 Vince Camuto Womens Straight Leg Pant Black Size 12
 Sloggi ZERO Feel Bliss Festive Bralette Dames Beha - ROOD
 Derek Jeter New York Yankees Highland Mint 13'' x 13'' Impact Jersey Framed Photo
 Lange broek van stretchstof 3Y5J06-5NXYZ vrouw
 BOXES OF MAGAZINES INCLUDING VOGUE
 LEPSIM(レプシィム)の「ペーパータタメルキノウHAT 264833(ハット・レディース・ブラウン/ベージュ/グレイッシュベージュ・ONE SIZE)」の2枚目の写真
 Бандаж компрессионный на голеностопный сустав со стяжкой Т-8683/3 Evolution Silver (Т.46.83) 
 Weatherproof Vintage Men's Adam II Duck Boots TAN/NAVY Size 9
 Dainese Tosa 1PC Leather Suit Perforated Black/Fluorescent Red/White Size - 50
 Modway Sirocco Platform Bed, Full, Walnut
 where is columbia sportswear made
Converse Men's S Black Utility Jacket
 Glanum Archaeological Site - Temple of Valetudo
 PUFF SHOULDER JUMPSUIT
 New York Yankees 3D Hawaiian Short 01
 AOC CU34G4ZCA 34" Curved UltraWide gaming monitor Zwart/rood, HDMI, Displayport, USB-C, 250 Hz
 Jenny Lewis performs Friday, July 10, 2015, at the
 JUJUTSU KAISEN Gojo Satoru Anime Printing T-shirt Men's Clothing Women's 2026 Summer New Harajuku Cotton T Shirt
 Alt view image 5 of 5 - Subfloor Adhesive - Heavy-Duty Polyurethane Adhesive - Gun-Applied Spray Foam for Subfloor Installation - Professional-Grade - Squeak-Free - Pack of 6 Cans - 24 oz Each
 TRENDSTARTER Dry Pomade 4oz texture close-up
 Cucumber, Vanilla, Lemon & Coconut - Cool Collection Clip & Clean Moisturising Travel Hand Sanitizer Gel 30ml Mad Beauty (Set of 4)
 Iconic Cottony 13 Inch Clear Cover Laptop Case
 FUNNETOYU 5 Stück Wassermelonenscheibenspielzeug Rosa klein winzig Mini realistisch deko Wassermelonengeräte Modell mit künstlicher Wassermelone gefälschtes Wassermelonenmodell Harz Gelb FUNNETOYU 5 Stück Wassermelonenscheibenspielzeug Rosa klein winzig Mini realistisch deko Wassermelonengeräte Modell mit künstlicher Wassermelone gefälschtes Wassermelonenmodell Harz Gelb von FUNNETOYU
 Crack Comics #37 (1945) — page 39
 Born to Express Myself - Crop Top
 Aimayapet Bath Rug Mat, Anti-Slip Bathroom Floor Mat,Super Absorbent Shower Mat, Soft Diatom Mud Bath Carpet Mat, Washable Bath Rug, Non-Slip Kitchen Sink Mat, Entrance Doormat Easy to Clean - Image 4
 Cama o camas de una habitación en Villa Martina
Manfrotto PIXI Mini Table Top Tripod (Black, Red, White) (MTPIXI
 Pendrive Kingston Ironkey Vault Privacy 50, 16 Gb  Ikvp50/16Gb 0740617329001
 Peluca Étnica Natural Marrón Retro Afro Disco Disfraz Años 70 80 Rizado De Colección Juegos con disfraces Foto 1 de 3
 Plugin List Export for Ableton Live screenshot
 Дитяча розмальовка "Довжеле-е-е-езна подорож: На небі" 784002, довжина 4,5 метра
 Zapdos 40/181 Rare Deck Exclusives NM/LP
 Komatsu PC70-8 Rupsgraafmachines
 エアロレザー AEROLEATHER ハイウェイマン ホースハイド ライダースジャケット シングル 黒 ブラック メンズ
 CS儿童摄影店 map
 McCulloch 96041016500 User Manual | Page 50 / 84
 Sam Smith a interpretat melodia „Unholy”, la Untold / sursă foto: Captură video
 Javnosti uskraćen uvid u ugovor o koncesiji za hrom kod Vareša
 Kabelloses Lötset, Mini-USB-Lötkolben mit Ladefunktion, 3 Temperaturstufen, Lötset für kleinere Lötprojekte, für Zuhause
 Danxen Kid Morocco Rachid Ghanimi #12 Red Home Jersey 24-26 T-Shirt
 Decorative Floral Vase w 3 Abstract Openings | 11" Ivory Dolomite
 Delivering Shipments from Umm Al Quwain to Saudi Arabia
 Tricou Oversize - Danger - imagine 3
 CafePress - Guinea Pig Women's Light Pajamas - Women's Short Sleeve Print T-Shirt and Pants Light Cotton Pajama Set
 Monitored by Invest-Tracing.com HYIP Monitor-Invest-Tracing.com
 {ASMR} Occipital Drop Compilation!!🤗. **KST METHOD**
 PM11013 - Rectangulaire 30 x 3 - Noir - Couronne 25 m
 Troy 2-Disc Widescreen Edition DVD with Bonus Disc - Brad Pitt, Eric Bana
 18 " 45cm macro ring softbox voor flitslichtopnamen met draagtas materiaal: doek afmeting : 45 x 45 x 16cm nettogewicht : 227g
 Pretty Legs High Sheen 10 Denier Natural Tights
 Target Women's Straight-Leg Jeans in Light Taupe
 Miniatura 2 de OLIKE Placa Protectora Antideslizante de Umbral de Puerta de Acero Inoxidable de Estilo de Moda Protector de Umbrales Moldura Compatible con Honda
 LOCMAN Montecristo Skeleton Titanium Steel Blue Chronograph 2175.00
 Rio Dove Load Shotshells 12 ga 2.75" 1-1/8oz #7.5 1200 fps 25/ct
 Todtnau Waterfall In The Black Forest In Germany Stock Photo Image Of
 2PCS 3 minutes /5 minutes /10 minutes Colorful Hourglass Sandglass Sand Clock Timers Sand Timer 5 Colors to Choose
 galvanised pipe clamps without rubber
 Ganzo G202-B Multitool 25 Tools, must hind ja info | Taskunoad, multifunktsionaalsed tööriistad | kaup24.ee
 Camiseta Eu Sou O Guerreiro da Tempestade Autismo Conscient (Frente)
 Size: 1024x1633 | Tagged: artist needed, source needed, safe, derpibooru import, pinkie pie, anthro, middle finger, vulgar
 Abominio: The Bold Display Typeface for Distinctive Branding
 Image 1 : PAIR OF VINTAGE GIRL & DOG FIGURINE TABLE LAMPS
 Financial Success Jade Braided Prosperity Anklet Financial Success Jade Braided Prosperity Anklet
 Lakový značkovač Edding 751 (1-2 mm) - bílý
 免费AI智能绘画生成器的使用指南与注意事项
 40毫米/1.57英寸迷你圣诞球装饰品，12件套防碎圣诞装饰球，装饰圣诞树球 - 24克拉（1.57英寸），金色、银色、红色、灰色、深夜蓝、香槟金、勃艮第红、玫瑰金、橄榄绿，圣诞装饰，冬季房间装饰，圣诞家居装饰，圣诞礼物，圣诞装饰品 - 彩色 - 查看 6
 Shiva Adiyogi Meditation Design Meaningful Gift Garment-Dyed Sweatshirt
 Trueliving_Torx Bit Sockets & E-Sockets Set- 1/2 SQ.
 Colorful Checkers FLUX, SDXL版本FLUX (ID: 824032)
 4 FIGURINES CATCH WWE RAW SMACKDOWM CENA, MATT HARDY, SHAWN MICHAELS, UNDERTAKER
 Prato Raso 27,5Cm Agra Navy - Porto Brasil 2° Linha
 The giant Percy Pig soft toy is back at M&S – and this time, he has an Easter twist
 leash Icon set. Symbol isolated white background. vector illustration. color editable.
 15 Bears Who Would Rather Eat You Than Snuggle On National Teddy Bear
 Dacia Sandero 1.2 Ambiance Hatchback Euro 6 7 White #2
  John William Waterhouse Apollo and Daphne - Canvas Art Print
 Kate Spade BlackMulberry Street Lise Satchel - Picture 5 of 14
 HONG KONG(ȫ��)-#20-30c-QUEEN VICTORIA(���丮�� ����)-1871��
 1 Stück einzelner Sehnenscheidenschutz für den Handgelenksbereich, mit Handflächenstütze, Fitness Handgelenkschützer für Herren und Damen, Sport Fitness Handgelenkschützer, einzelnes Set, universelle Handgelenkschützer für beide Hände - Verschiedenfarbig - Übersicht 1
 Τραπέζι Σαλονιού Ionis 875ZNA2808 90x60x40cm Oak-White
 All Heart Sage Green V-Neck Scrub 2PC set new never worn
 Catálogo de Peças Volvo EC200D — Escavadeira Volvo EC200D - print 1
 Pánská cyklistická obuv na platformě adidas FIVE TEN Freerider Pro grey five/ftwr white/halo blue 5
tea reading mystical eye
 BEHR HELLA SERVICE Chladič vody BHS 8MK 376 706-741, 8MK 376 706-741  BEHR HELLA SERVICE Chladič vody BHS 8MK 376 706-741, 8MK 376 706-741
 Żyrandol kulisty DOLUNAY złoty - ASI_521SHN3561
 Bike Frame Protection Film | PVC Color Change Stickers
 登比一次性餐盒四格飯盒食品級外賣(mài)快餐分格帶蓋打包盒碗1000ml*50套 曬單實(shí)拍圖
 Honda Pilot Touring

----

= What the exercise asks =
Scan the listing above for the line that has "Danxen Kid Morocco", then copy exactly from that line through the line that has "Todtnau Waterfall In".

= Exercise answer =
 Danxen Kid Morocco Rachid Ghanimi #12 Red Home Jersey 24-26 T-Shirt
 Decorative Floral Vase w 3 Abstract Openings | 11" Ivory Dolomite
 Delivering Shipments from Umm Al Quwain to Saudi Arabia
 Tricou Oversize - Danger - imagine 3
 CafePress - Guinea Pig Women's Light Pajamas - Women's Short Sleeve Print T-Shirt and Pants Light Cotton Pajama Set
 Monitored by Invest-Tracing.com HYIP Monitor-Invest-Tracing.com
 {ASMR} Occipital Drop Compilation!!🤗. **KST METHOD**
 PM11013 - Rectangulaire 30 x 3 - Noir - Couronne 25 m
 Troy 2-Disc Widescreen Edition DVD with Bonus Disc - Brad Pitt, Eric Bana
 18 " 45cm macro ring softbox voor flitslichtopnamen met draagtas materiaal: doek afmeting : 45 x 45 x 16cm nettogewicht : 227g
 Pretty Legs High Sheen 10 Denier Natural Tights
 Target Women's Straight-Leg Jeans in Light Taupe
 Miniatura 2 de OLIKE Placa Protectora Antideslizante de Umbral de Puerta de Acero Inoxidable de Estilo de Moda Protector de Umbrales Moldura Compatible con Honda
 LOCMAN Montecristo Skeleton Titanium Steel Blue Chronograph 2175.00
 Rio Dove Load Shotshells 12 ga 2.75" 1-1/8oz #7.5 1200 fps 25/ct
 Todtnau Waterfall In The Black Forest In Germany Stock Photo Image Of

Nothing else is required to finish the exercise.